I think it is fair to say that Bede Griffiths was one of the 20th century’s most notable religious pioneers, a true adventurer in the deepest realms of human existence. The experimental monastic community in Tamil Nadu he inherited from his spiritual forebears, Jules Monchanin and Abhishiktananda, combined the life of a Hindu Ashram with Benedictine monasticism but this was not only an experiment in the external aspects of inculturation. What Bede sought to embody was the true coming together of religions in his own person. His goal was the reconciliation of opposites in advaita, non-dualism, a profound level of unity in which all things are held together. In part, he was motivated by what he saw as an excessive reliance in the West on rational processes and their resulting technologies. Ever since an early experiment in simple communal living with two friends in the 1930s, Bede shunned many of the products of industrial activity. Indeed, when he entered Prinknash Monastery shortly after that experiment, he was appalled by the comforts of a monastic life that was considered by many to be exacting! He felt deeply that Westerners, Christians included, had lost touch with the fullness of human life, losing confidence in the darker and intuitive aspects of the human psyche in favour of control and reason.
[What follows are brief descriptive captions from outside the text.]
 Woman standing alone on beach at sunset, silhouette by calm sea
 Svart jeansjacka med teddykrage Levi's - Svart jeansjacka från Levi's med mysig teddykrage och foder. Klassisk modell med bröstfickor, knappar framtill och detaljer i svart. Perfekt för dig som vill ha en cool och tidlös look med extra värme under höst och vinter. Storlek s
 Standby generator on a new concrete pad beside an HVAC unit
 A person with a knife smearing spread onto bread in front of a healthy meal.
Bede went to India to find ‘the other half of his soul’ and this journey, a life’s journey, was one of unifying feminine and masculine, ordered and spontaneous, light and dark, intimate and self-contained aspects of his person. In religious terms, he insisted on using texts and symbols from other religions in the Ashram’s liturgies. One of the most potent of these symbols was the cross outside the Temple at Shantivanam:
The use of the sacred syllable, Om, in the middle of a Christian cross aroused anger from conservative Hindus and Christians. And, despite Bede’s unstinting commitment to welcome all who came, some found this desire to embrace all religions as fundamentally expressing one great Truth to be completely unacceptable. Bede dealt with considerable levels of conflict in his life and I suppose this is inevitable for those who try to hold ‘opposites’ together in their own person. For those whose faith is ‘this and this only – never that‘, Bede’s insistence on true faith as always residing in ‘this-with-that’ poses a deeply uncomfortable threat.
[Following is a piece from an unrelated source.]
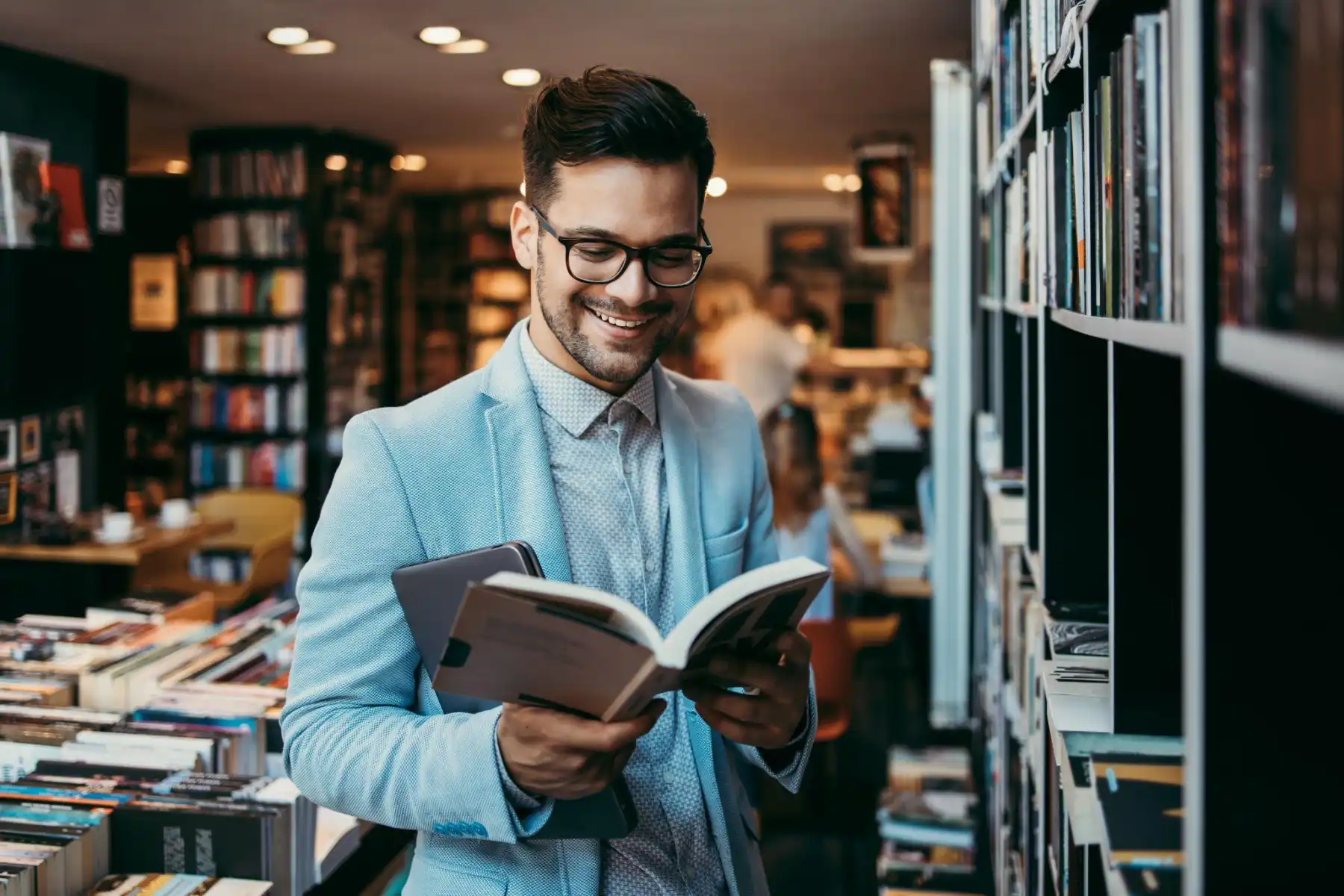 A smiling man in a blue suit reading a book in a bookstore.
For Christians in particular, Bede’s exploration of non-dualism asks hard questions of traditional Christian polarities such as evil-good, law-gospel, dark-light, human-divine, death-life, creator-creature. Do these melt away into an indistinct singularity? I think Bede’s answer would be that distinctions remain, but in constant relationship, in ultimate unity and sometimes in painful tension. To use a phrase from Teilhard, ‘union differentiates’. All the same, the truest reality, the reality we call God, is one. This means that human fulfillment is found in the unity of opposites, the reconciliation of contradictions and the fearless of embrace of paradox.